Description
Prerequisites
- I am running the latest code. Mention the version if possible as well.
- I carefully followed the README.md.
- I searched using keywords relevant to my issue to make sure that I am creating a new issue that is not already open (or closed).
- I reviewed the Discussions, and have a new and useful enhancement to share.
Feature Description
Implement tensor parelellism over rpc. At the moment setting --split-mode row has no effect if used for rpc the rpc server.
Could you provide me with a rough outline on how I would best go about it?
What steps would I have to take to extend the functionality of the rpc server?
Motivation
I love your project, its everything i looked for. You guys are true heros, the antidote to nvidias corporate greed.

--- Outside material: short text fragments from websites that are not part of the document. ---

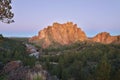 Smith Rock and Crooked River at sunrise Royalty Free Stock Photo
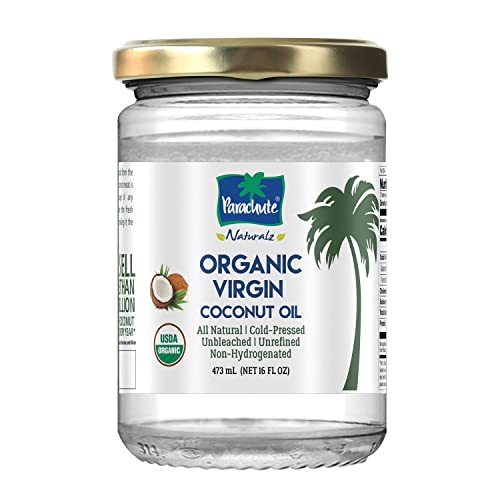 Parachute Naturalz Organic Virgin Coconut Oil | For Cooking, Hair, Body & Oil Pulling | Cold Pressed | Unbleached | Unre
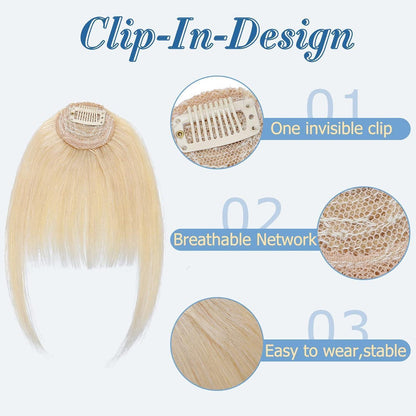 Echthaar Pony Clip-in Gerade (#613 Blond)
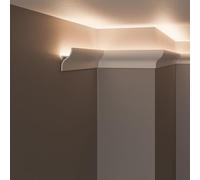 Cadres pour LED de plafond et de mur (longueur 2 m - KH906) pour éclairage indirect avec bandes LED | décoratifs, préfabriqués en Duropolymère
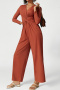 stylish slight stretch 5-colors solid color twist pocket jumpsuit_Black_Red
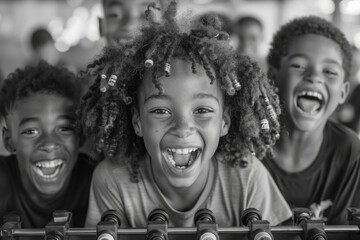 Poster - Illustration of a group of children laughing and cheering as they play a competitive game of foosball, their faces full of excitement,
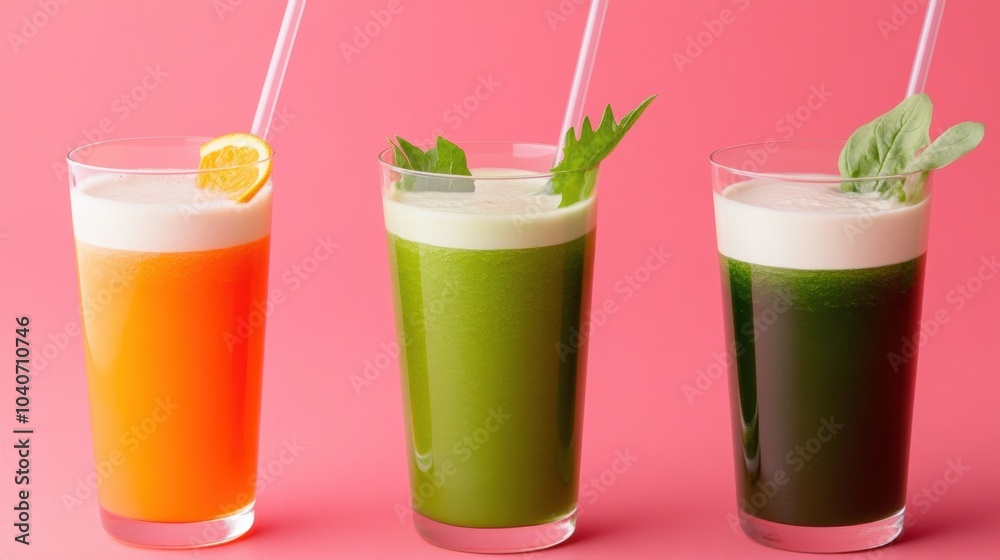 Three vibrant juices in clear glasses against a pink background, AI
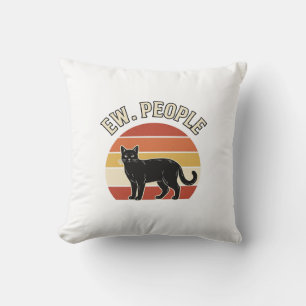 Rolig svart katt Ew människor Vintage Retro design Kudde
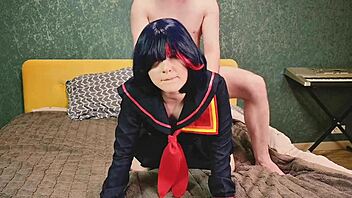 Ryuko Matoi gets bent over by naked teacher, taking it in all holes until anal creampie from POV.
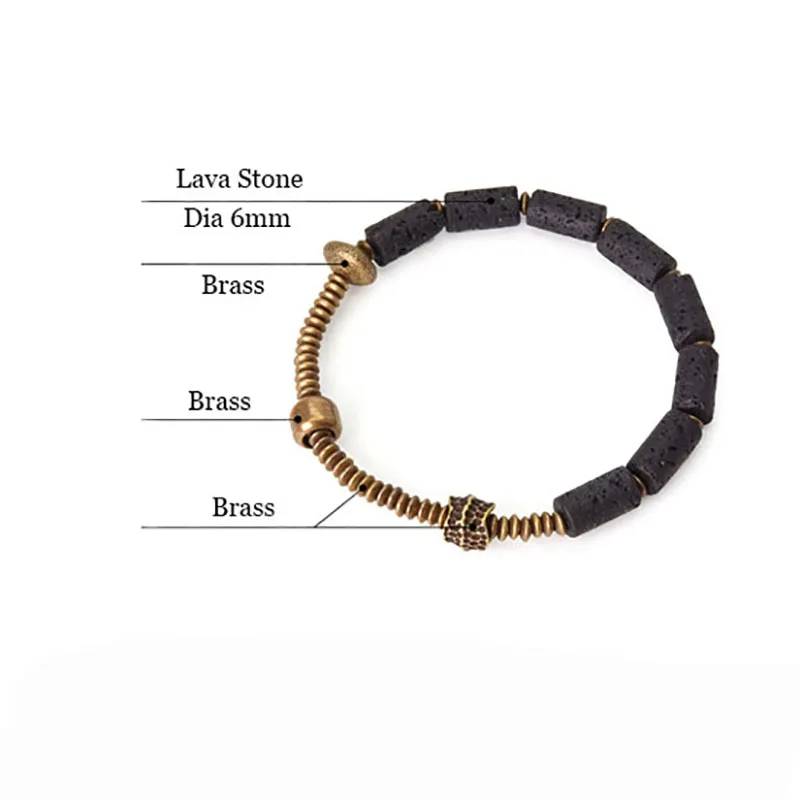 Lava Stone Diffuser Copper Beads Bracelet
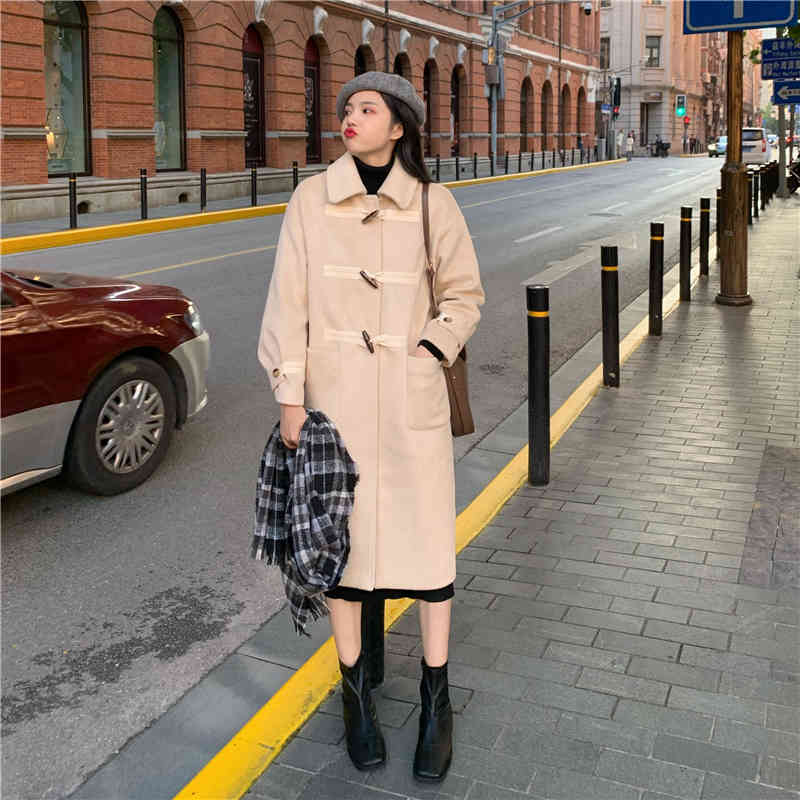 women's trench coats women of wool autumn long coat trend jacket horn casual button sleeve elegant loose office lady streetwear clothes, Tan;black
women's trench coats women of wool autumn long coat trend jacket horn casual button sleeve elegant loose office lady streetwear clothes, Tan;black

I am running at home two tesla p100 on old gaming mainboards, connected via an infiniband nic in eth mode. The nic is dirt cheap aswell as the tesla p100, if we can get this to work, you can easily run 8B models with 60+ tps with just two cards.
This will unlock the full potential of homelabs/smaller enterprise.
Love you guys
Possible Implementation
I just started looking into it and found your implementation for row splitting on a single host.
if (split_mode == LLAMA_SPLIT_MODE_ROW) {
ggml_backend_reg_t reg = ggml_backend_dev_backend_reg(dev);
auto ggml_backend_split_buffer_type_fn = (ggml_backend_split_buffer_type_t)
ggml_backend_reg_get_proc_address(reg, "ggml_backend_split_buffer_type");
if (ggml_backend_split_buffer_type_fn) {
size_t dev_index = [&]() {
auto * reg = ggml_backend_dev_backend_reg(dev);
for (size_t i = 0; i < ggml_backend_reg_dev_count(reg); ++i) {
if (ggml_backend_reg_dev_get(reg, i) == dev) {
return i;
}
}
throw std::runtime_error(format("device %s not found in its backend reg", ggml_backend_dev_name(dev)));
}();
auto * buft = ggml_backend_split_buffer_type_fn(dev_index, tensor_split);
if (buft != nullptr) {
buft_list.emplace_back(dev, buft);
}
}
}
Distributing the splits via rpc to different hosts for computation. What files/folders would I need to have a look at, I am asking for some general guidance.